System Reliability Expert

7 days ago


Chennai, Tamil Nadu, India beBeeSite Full time ₹ 13,40,400 - ₹ 23,10,600
Job Description

We are seeking a skilled Senior Site Reliability Engineer to join our team. This is a hybrid role that combines Site Reliability Engineering (SRE) and DevOps principles, requiring a strong background in building and maintaining scalable systems.

The ideal candidate will have expertise in designing, deploying, and maintaining services across Microsoft Azure, including App Services, Container Apps, Cosmos DB, Event Hubs, Azure Monitor, VMs, and Kubernetes Service.

They will also have experience in creating and managing networking (VNets, Subnets, NSGs) and identity/access controls (PIM, Managed Identities, Enterprise Applications, Role-based Access Control).
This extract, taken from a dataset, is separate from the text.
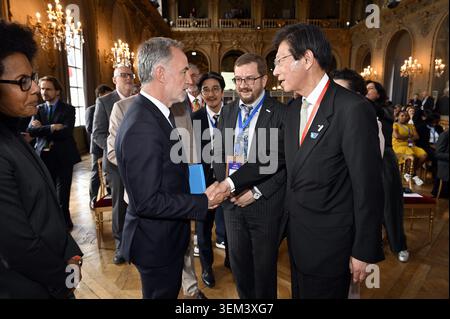 © PHOTOPQR/L'EST REPUBLICAIN/ALEXANDRE MARCHI ; NANCY ; 04/06/2026 ; POLITIQUES LOCALES - GROUPE D'ENGAGEMENT OFFICIEL DES VILLES - URBAN7 - SOMMET INTERNATIONAL DES MAIRES - SOMMET INTERNATIONAL DES MAIRES - GOUVERNEMENTS LOCAUX. Nancy 4 juin 2026. Audrey PULVAR, adjointe au maire de Paris, Emmanuel GREGOIRE, maire de Paris, et Kizo HISAMOTO, maire de Kobé (Japon), lors du Sommet international des Maires Urban7 qu'organiser la ville de Nancy du 2 au 4 juin, dans le cadre de la Présidence française du G7 qui se déroulera lui à Evian du 15 au 17 juin 2026. PHOTO Alexandre MARCHI. Banque D'Images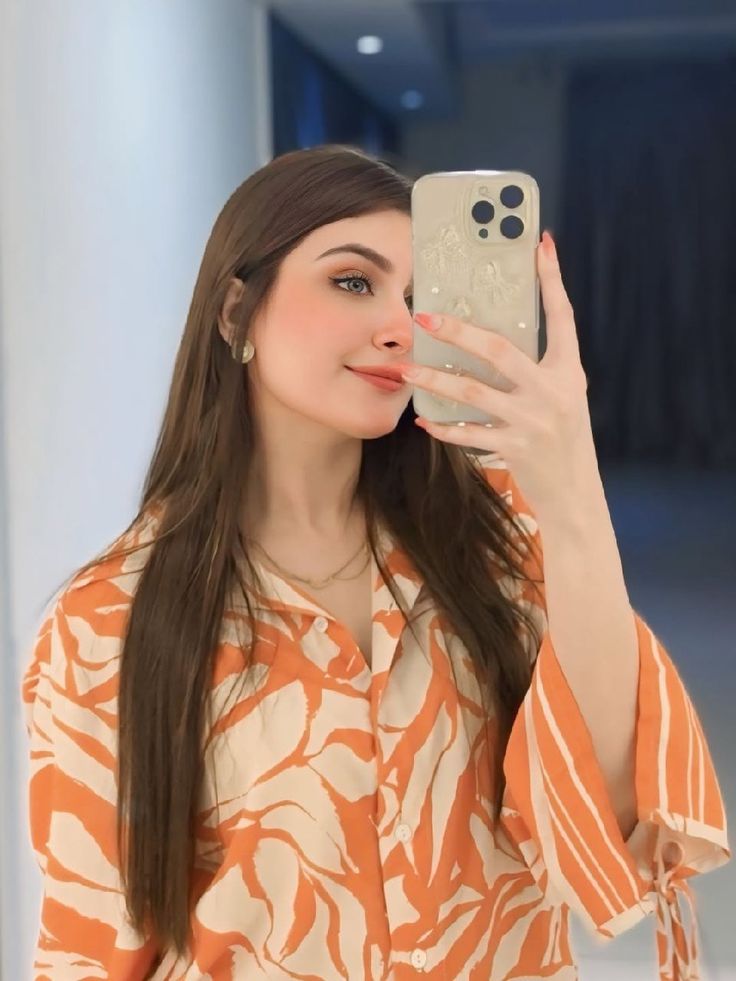 Cute-Girl-Profile-Pictures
In addition, the candidate should be proficient in implementing infrastructure provisioning using Terraform/Bicep and ensuring cost-effective, scalable, and secure cloud environments.

Key Responsibilities
  • Cloud Infrastructure:
    • Design, deploy, and maintain services across Microsoft Azure.
    • Create and manage networking (VNets, Subnets, NSGs) and identity/access controls.
    • Implement infrastructure provisioning using Terraform/Bicep.
  • Monitoring, Observability & Incident Response:
    • Set up end-to-end observability using Prometheus, Grafana, Azure Monitor, ELK Stack, and Sentry.
    • Define and enforce standards for logging, metrics, traces, SLIs/SLOs, and error budgets.
    • Build proactive alerting systems for APIs, RabbitMQ, Databricks pipelines, and external integrations.
    • Establish on-call rotations, incident response runbooks, and lead RCAs to minimize Mean Time To Recovery.
  • CI/CD, Automation & Tooling:
    • Automate deployments and infrastructure lifecycle using GitHub Actions, Terraform modules, and CLI tools.
    • Improve CI/CD for faster, safer releases across containerized and VM-based workloads.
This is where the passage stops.